Dowsed in Aesthetics
by AMANDA MANITACH June 26, 2012
Anna Telcs and the ceremony of fashion.
Anna Telcs inhabits the dual worlds of commercial fashion and art. She’s an assistant editorial stylist for Nordstrom, working behind the scenes on catalogues, photo shoots and the retailer’s website. She has also shown work at the Guggenheim in New York, Lawrimore Project, the Frye Art Museum, and since 2008 she has designed the costumes for the Seattle performance group Implied Violence (now Saint Genet).
Telcs studied industrial design at the University of Washington before moving to New York in 2004, where she was snatched up as a hardware designer for London Fog, and went on to work as a production manager for Thom Browne and as a trim designer for Helmut Lang. When she returned to Seattle four years ago, she taught herself to sew and began working closely with a community of artists whose energy and independence she found invigorating.

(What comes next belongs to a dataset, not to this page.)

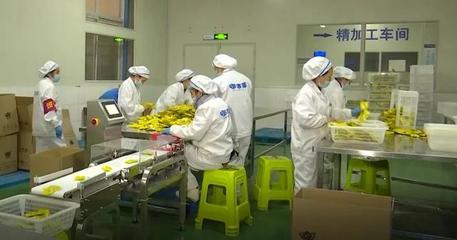 一防两不停 确保开门红——望谟加班加点赶制特色年货，拓展食品互联网销售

Despite her immersion in an emphatically commercial industry, she approaches design with an eye toward its anthropological and spiritual aspects. Telcs’ designs are austere and structural, constructed from weightless flesh-colored materials like gauzy organza or raw wool (still smelling of lanolin). She often manipulates the material with a honeycomb of smocking or other elaborate hand-stitching techniques that have roots in plain cloth quilting—a tradition with which Telcs is obsessed.
Her mother’s family was Mennonite, but Telcs says that isn’t why she’s fascinated with plainclothes fashion. “My father was a young English hippie who got his hands on a Gohn Brothers catalogue at some point in the ’70s,” Telcs says. “He would wear Amish pants with copper buttons that I always loved. As a teenager I was often stealing his clothes!”
Endowing everyday outfits with a feeling of ceremony and uniformity is central to Telcs’ vision. “Working for Thom Browne instilled in me that if you can hold fast to something you like aesthetically, it becomes a uniform,” she says. “You can rely on it. I love that idea.” Her designs tend toward simplicity and a restricted color palette (navys, creams, ivory, beiges, peaches, a little bit of black). Emphasis falls on striking silhouettes with exaggerated shapes.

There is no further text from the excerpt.